PPKI membagi wilayah RI menjadi 8 Provinsi:
1. Sumatra – Teuku Mohammad Hasan
2. Jawa Barat – Sutarjo Kartohadikusumo
3. Jawa Tengah – R. Panji Soeroso
4. Jawa Timur – R. A. Suryo
5. Sunda Kecil – I Gusti Ketut Pudja
6. Maluku – J. Latuharhary
7. Sulawesi – Sam Ratulangi
8. Borneo – Ir. Pangeran Mohammad Noor
PPKI juga membentuk 12 Kementerian pertama. Ini bukti Republik tidak hanya fokus di Jakarta, tapi langsung membangun administrasi untuk wilayah yang luas.
22 AGUSTUS 1945: LEMBAGA PERWAKILAN DAN KEAMANAN
Sidang ketiga menjawab soal: siapa yang mewakili rakyat?
Karena DPR dan MPR belum ada, PPKI membentuk Komite Nasional Indonesia Pusat KNIP. Awalnya sebagai badan pembantu presiden, tapi kemudian berkembang jadi lembaga legislatif penting di masa revolusi.
Di sidang yang sama dibentuk juga Badan Keamanan Rakyat BKR. Ini bukan TNI, tapi cikal bakal angkatan bersenjata. Pada 5 Oktober 1945 BKR berkembang menjadi TKR, lalu TNI.
5 HARI YANG MENGUBAH SEJARAH
Rentang 18-22 Agustus 1945 sangat singkat. Tapi hasilnya monumental:
18 Agustus: UUD 1945 disahkan. Soekarno-Hatta terpilih.
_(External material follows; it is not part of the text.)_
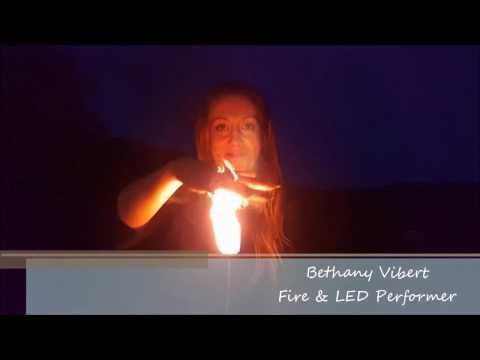 Bethany Vibert Fire and LED Performing Showreel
19 Agustus: 8 Provinsi dan 12 Kementerian dibentuk.
22 Agustus: KNIP dan BKR didirikan.
_“PPKI membantu mengubah kemerdekaan dari sebuah pernyataan politik menjadi struktur pemerintahan”_
Perlu dicatat, PPKI memang dibentuk zaman Jepang. Tapi saat bersidang Agustus 1945, Jepang sudah menyerah. Karena itu PPKI digunakan para pendiri bangsa sebagai alat menyusun pemerintahan RI, bukan menjalankan agenda Jepang.

REPUBLIK BELUM AMAN, TAPI SUDAH PUNYA BENTUK
Keputusan PPKI tidak membuat RI langsung aman. Jepang masih ada. Sekutu datang. Belanda kembali lewat NICA. Di daerah terjadi perebutan kantor dan senjata.
Tapi satu hal pasti: Setelah 5 hari itu, Indonesia tidak lagi hanya berupa teks proklamasi.
Republik sudah punya Konstitusi, Presiden, Pemerintahan, Wilayah, dan Lembaga.
Dari fondasi itulah perjuangan mempertahankan kemerdekaan dimulai.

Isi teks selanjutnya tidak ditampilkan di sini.